O que fazia o corso ser mais contagiante era todos os carros se uniam numa batalha de confetes e serpetinas.

Venho dos sobrados iluminados pelos lampiões de gás.

As donzelas nas janelas jogavam nos pierrôs e colombinas, ovos, balde de água, água em seringas de brinquedos.

Meu pai era batuqueiro do Saberé do pátio do terço, e eu frevava uma parte do ano nos becos do pátio, ele levava-me todas as vezes que ia ensaiar.

Venho da cidade do caldo de cana, do milho cozido, das canjicas e pomonhas, das festas de roda, das festas juninas, das quadrilhas; de São Jõao, São Pedro  e Santo Antônio casamenteiro.

Criei-me no Pina, na Brasília teimosa, abraçada aos pescadores próximo ao Cassino Americano.

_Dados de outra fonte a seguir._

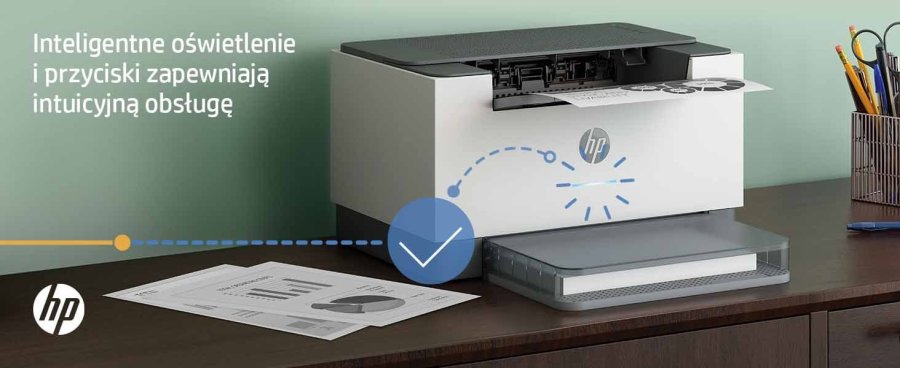 HP LaserJet M209dw Printer, Sort og hvid, Printer til Hjem og hjemmekontor, Print, Tosidet print; Kompakt strrelse; Energibesparende; Dual-band Wi-Fi #13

Quando o dia amanhecia via o quebramar e o resto eu esquecia, lá muitas vezes mergulhava entre espumas e arrecifes.

Na rua das casas de madeira, de cimento, na rua larga e comprida eu via de longe, bem longe o quebramar dando seu espetáculo, a espuma subia mais de metro, era uma grande espetáculo. 

Criei-me com os pés no chão, na brasa quente das horas. Bicho de pé, frieira ou mordida de saúva era comum.

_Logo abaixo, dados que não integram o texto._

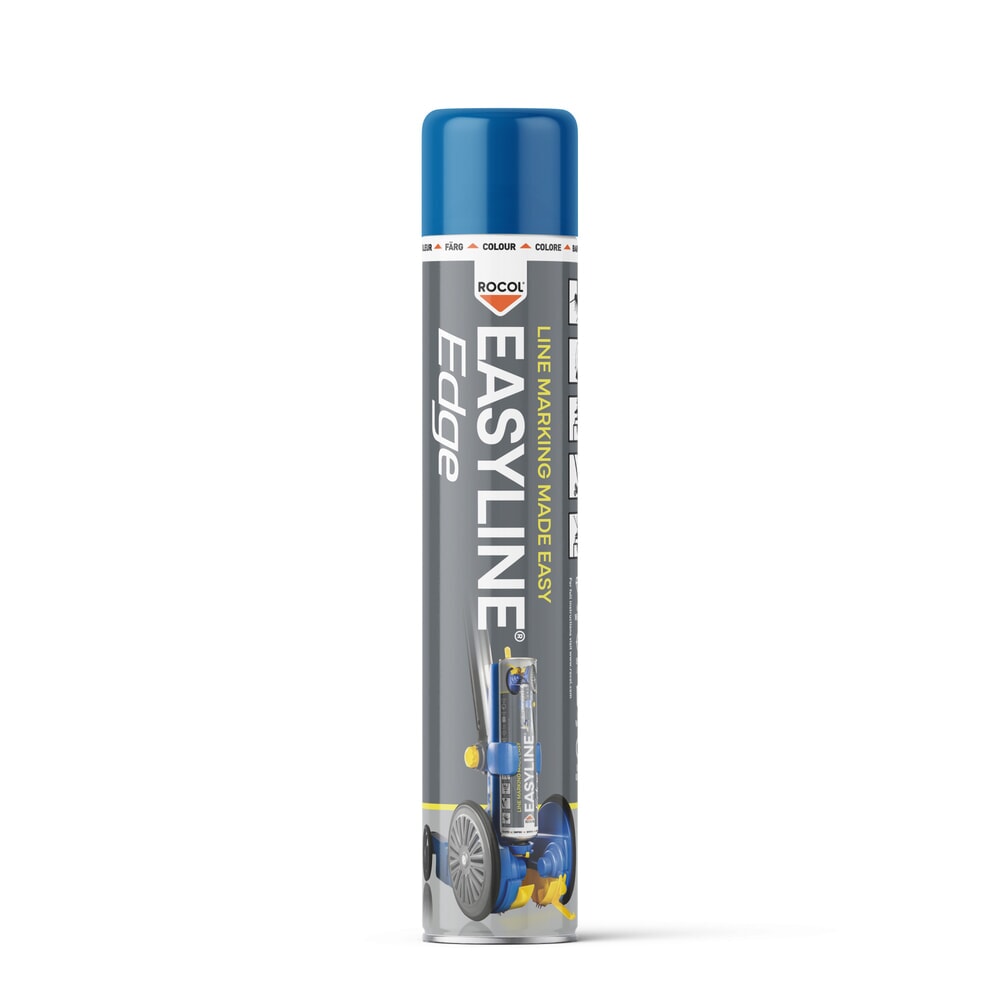Produktabbildung: Easyline-EDGE® Markierfarbe Easyline 0,75 l, blau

Aves, pessoas, árvores, modas, ídolos tudo.

Eu dividia-me entre a bossa nova e Roberto Carlos, era a época da jovem guarda, mas estava nascendo Elua Regina. 

Lembro-me tambem da mini-saia, das saias balão. Não tive tempo de me procurar, então fui salva pelo mundo, no outro me fiz achar.

Aos 13 anos montei uma escola para ensinar as crianças da rua. Escola Nossa Senhora do Carmo, tive 45 alunos, a mais velha tinha a minha idade, lembro-me que seu nome era Mirtes.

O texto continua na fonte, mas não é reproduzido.